Per l’azienda di Sergi la svolta è arrivata nel 1996, quando attraverso una giornalista francese entra per caso in contatto con l’azienda britannica The Body Shop. “Un giorno, l’amministratrice è piombata qui con i suoi collaboratori, e da quel primo incontro è nato un rapporto duraturo. Grazie a loro sono entrato sul mercato in modo autonomo”. È il primo passo per la nascita di Assobioberg, un consorzio di produttori biologici di olio essenziale, partito con tre soci e oggi arrivato a coinvolgere 18 produttori. “Qui per decenni ha comandato una sola azienda che ha creato un monopsonio, ossia una situazione di doppio imbuto, come unico tramite tra le piccole imprese di produzione e il mercato. Il nostro gruppo è riuscito a rompere questa logica.
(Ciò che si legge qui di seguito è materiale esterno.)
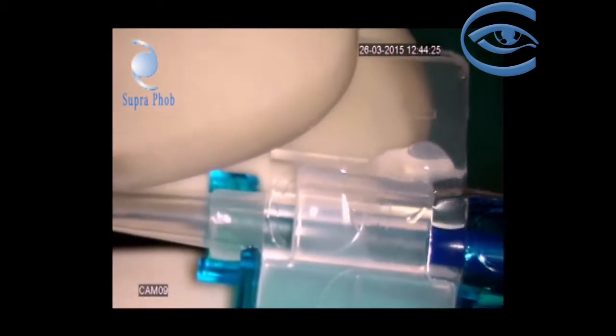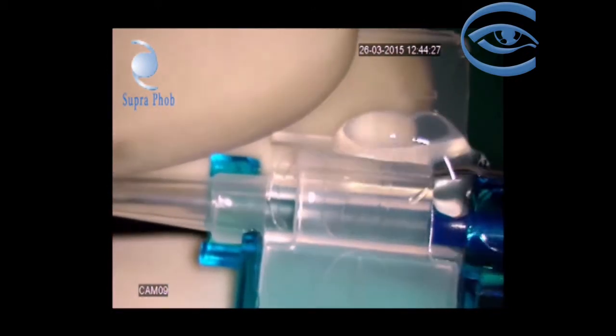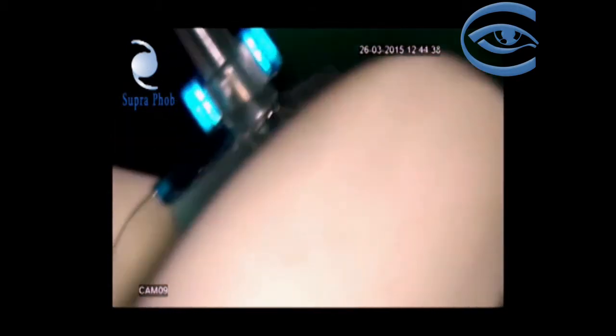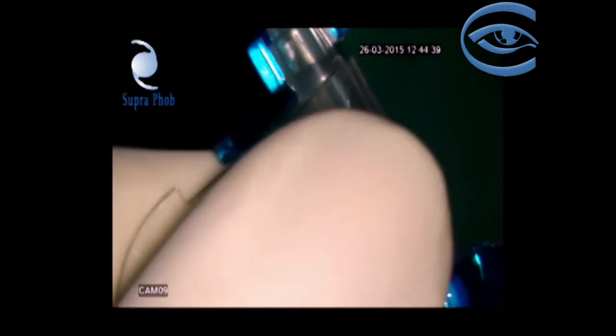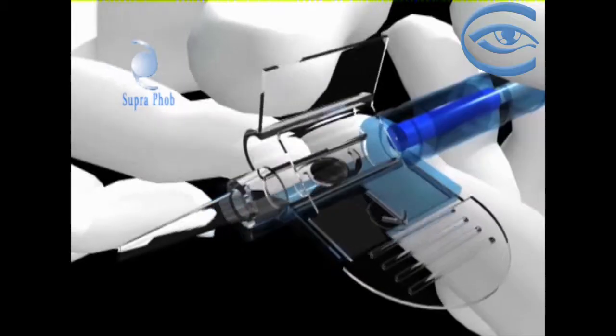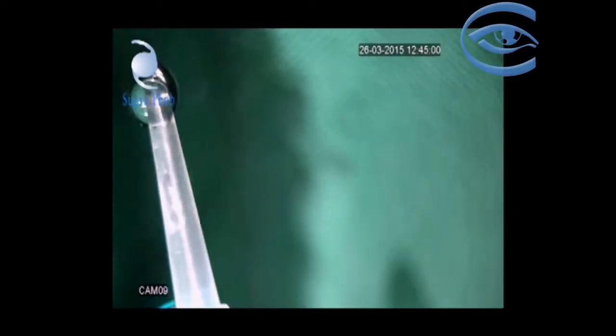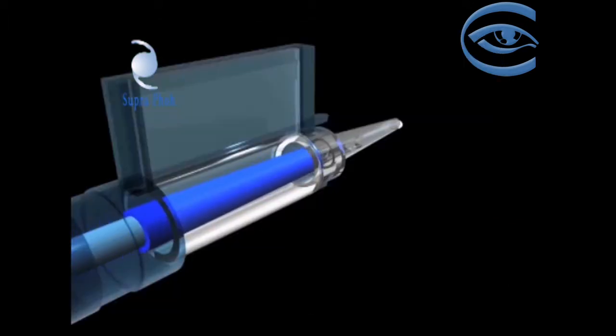The viscoelastic material is added to coat the anterior and the posterior surface of the supraphobe intraocular lens. The cartridge flange is closed and checked for its perfect locking, and the injector piston is pressed slowly to release the excess viscoelastic material from the barrel.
Per un’area come la nostra, afflitta da criminalità organizzata e mancanza di lavoro, è una rivoluzione”. Certo, non è stato semplice – “da allora subiamo controlli a tappeto” -, ma oggi Assobioberg commercializza più di 5.500 litri di olio essenziale biologico di bergamotto all’anno, e ha clienti in tutto il mondo, da Seattle a Tokio, passando per Corea del Sud, Australia, Cina, India. “Vendiamo soprattutto ad aziende cosmetiche, ma anche al settore del tè”. Da quella tazza di té in Danimarca, Ugo Sergi ne ha fatta di strada.